I primi di gennaio avrebbe dovuto ricevere gratuitamente 120 pannoloni e quattro pacchi di traverse per l'incontinenza di suo figlio, un ragazzo disabile di 27 anni che soffre di una schizofrenia grave che ha diritto a questo servizio offerto dall'Asp attraverso la ditta Santex, vincitrice dell'appalto. Ma così non è stato. Avendo finito le forniture la mamma del giovane è stata costretta ad acquistare i prodotti. 

"Ho speso 15 euro - racconta la donna a PalermoToday - per comprare due pacchi di pannaloni ma il fatto più grave è che non avendo le traverse (teli cerati o gommati che si mettono sopra il materasso per salvaguardarlo da eventuali incontinenze dei pazienti degenti) mio figlio mi ha distrutto il materasso". La mamma aspettava la fornitura a domicilio della Santex, che riceve ogni tre mesi, lo scorso 3 gennaio. "Non è arrivata - racconta la donna - e ho chiamato la ditta per capire il perchè. Mi hanno detto che avevano avuto dei problemi ma che stavano provvedendo a trovare una soluzione. Dopo una settimana non essendo cambiato nulla ho richiamato e mi hanno ridetto la stessa cosa. Così ho iniziato a chiamare più spesso e mi hanno messo in attesa per parlare con un operatore facendomi aspettare al telefono anche un'ora. Sono stanca di telefonare ma ho bisogno di aiuto".

Oltre ai pannoloni che il figlio utilizza in casa, la signora ha bisogno anche di quelli che deve consegnare all'associazione Centro Aias che il giovane frequenta. La mamma del ventisettenne ha contattato anche l'Asp: "Sono andata in via Casalini, all'ospedale del Cuore, dove si sbrigano le pratiche per il piano terapeutico con la bolla a reclamare i miei diritti. Mi hanno detto che avrebbero sollecitato la ditta ma ancora nulla. Dove vanno a finire i pannaloni? E' un mistero. Anche gli altri ragazzi che frequentano il Centro Aias con mio figlio non li hanno ricevuti".

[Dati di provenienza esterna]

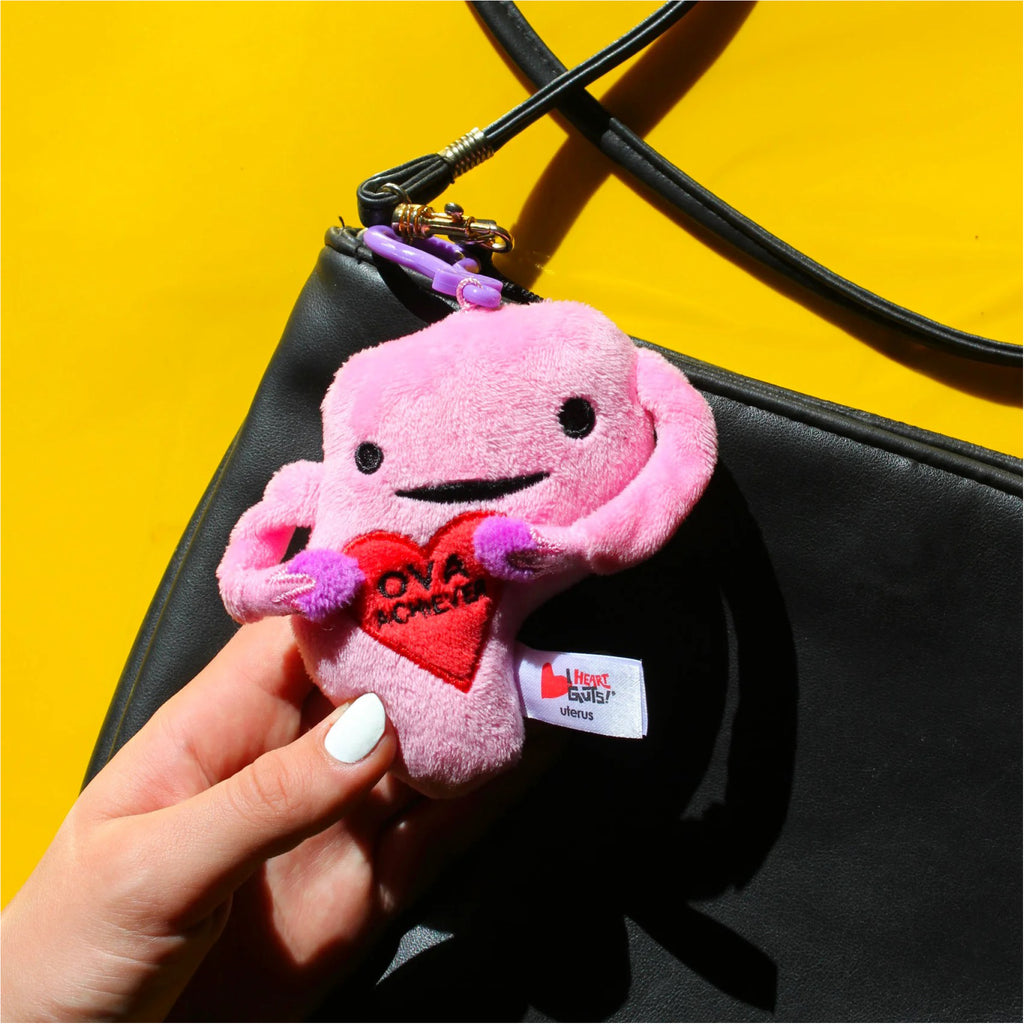 Uterus Bag Charm on purse.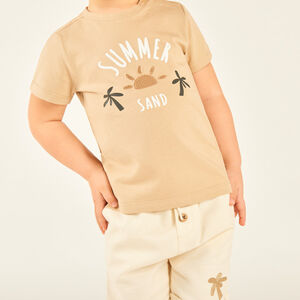 Ensemble 2 pièces t-shirt + bermuda motifs soleil et palmier pour bébé garçon 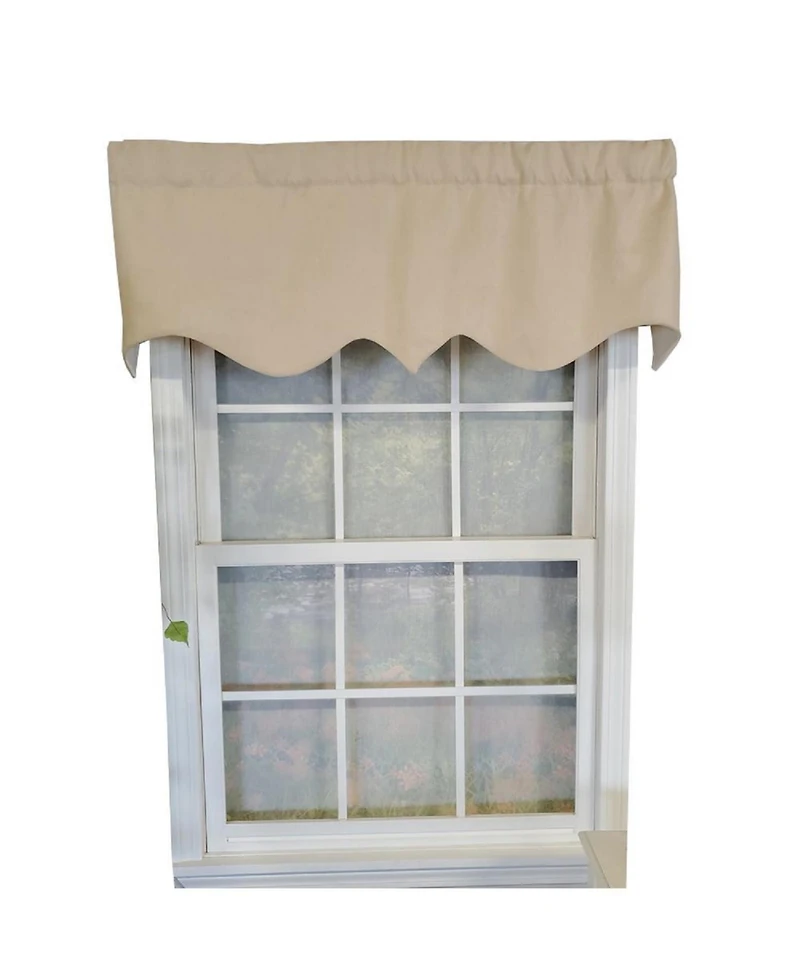 Rlf Home Slub Duck Regal 3" Rod Pocket Lining Luxurious and Elegant Window Treatment Valance 50" x 17" Khaki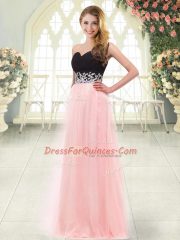 Tulle Sleeveless Floor Length Prom Evening Gown and Appliques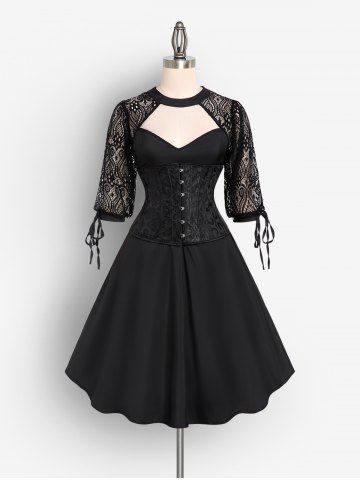 Lace Panel Cutout Cocktail Dress And  Boning Lace-up Underbust Corset Gothic Outfit - BLACK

Il piano terapeutico del ragazzo scadrà il 20 marzo. Ha una durata annuale. Ad ogni scadenza bisogna rifare tutte le visite e sbrigare le pratiche per riottenere il servizio che spetta ai disabili. "Sono sicura - conclude la mamma - che in quella occasione mi chiameranno per informarmi. Sono stanca di andare avanti così". 

Dopo la segnalazione all'Asp il problema è stato finalmente risolto. La ditta ha provveduto a consegnare i pannoloni e le traverse a casa. Sui motivi del ritardo nessuna risposta. "Nello scusarsi con la signora e con il figlio per i disagi arrecati, si assicura - fanno sapere dall'Asp - la massima attenzione e un continuo monitoraggio per evitare di incorrere in eventuali nuove disfunzioni".